The NRC reviewed the information provided by Columbia concerning the internal events

PSA model, seismic PSA model, Fire PSA model, and "other" external events PSA model. This review is documented in NUREG-1437, Supplement 47, Volume 1, "Generic Environmental Impact Statement for the License Renewal of Nuclear Plants Regarding Columbia Generating Station" (ADAMS Accession No. ML12096A334).

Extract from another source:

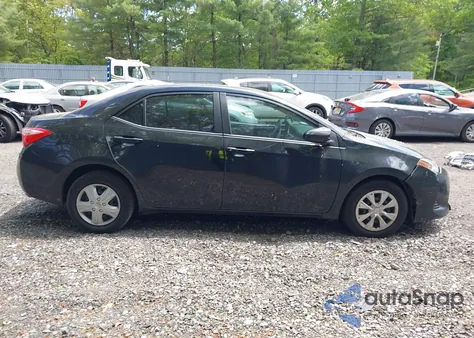 2019 Toyota Corolla L из США, поврежденный, VIN 2T1BURHE9KC183991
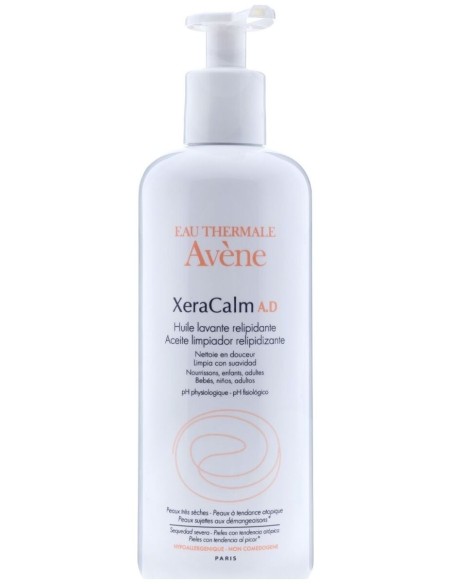 Avène Xeracalm A.D. Aceite Limpiador Relidipizante 400Ml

The

information regarding PSA revisions 6.2, 7.0, and 7.1 are included in NUREG-1437, Supplement 47, Volume 1, Section 5.3.2. In addition, the following statements of acceptability of the Columbia PSA model were made by the NRC in Section 5.3.2.

Internal Events

"The Columbia internal events model has been peer-reviewed, the peer findings were all resolved and their impact assessed in a sensitivity analysis using the updated PSA model, and Energy Northwest has satisfactorily addressed NRC staff questions regarding the PSA. Based on this information, the NRC staff concludes that the internal

events Level 1 PSA model is of sufficient quality to support the SAMA evaluation."

Seismic "The Columbia internal events modeling is an input to the seismic PSA model, the

seismic PSA has been updated to a more recent external events PSA standard, the SAMA evaluation included a sensitivity analysis of the seismic CDF, and Energy

Northwest has satisfactorily addressed NRC staff RAIs regarding the seismic PSA.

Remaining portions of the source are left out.